En los últimos tiempos se observa una peculiar e inquietante tendencia a la ausencia de explicaciones y argumentaciones en relación a ciertas decisiones y a ciertas políticas, sobre todo en el ámbito público. Todo lo más, como si fuera una fórmula mágica polivalente, se esgrime, con ocasión y sin ella, la referencia abstracta al interés general. Por cierto, un interés general que ordinariamente, ni se concreta ni se justifica, como si el solo uso de esta taumatúrgica expresión eximiera de toda explicación o argumentación.

La política es, sobre todo en la democracia, todos lo sabemos, una tarea de rectoría de los asuntos públicos orientada a la mejora de las condiciones de vida de las personas, de los ciudadanos. En la medida en que la política descansa sobre el Estado de Derecho, la racionalidad y la objetividad han de presidir la confección y elaboración de las políticas públicas, así como su comunicación y explicación a los ciudadanos. Comunicación y explicación son dos funciones bien relevantes de los nuevos espacios políticos que han de realizarse pedagógicamente, dedicando tiempo a exponer las argumentaciones y las razones que justifican la acción de gobierno o de la oposición política.

Sin embargo, la realidad demuestra, más bien, que la pedagogía y la argumentación brillan por su ausencia.  Estos días lo hemos visto.  Probablemente porque reclama trabajo y esfuerzo, porque no es nada sencillo colocarse en la piel de quienes escuchan, de las personas a quienes van dirigidos los mensajes. Sin embargo, es una exigencia de la política democrática, especialmente en los momentos más delicados.

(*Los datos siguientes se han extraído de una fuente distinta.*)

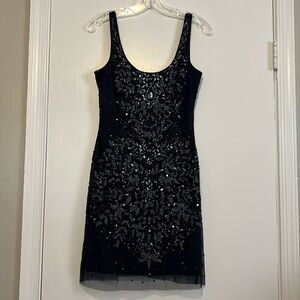 Adrianna Papell Navy Blue Sequin and Bead Cocktail Dress, Size 6, pre-owned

Los nuevos espacios políticos traen consigo una particular exigencia de pedagogía política. Efectivamente, en el desarrollo de sus políticas, las formaciones inspiradas en la moderación, en el uso de la razón y de la argumentación, deben atender de modo muy particular a la comunicación con el entorno social, con toda la sociedad. El trabajo de pedagogía política no es, de ninguna manera, una labor de adoctrinamiento, de conversión ideológica, sino precisamente de transmisión de los valores de las políticas que se proponen o que se realizan. El respeto a las posiciones ideológicas diferentes, a los valores que individualmente cada ciudadano defiende, debe conjugarse con la insistencia en la convocatoria a abrirse a la realidad de las cosas, y a su complejidad, haciendo ver que las soluciones simplistas no son soluciones, que la prudencia es una buena guía en las decisiones políticas, y que esta no está reñida –antes al contrario- con las metas sociales ambiciosas. Importa más el trabajo serio y consolidado que los gestos superficiales y sin fundamento. 

A veces, ahora lo comprobamos, bajo la apariencia de progreso se esconde un progresivo deterioro de la vida económica y social e incluso de la ética, que nunca tardará demasiado en ponerse en evidencia.

 

Jaime Rodríguez Arana; Doctor en Derecho y Catedrático de Derecho Administrativo.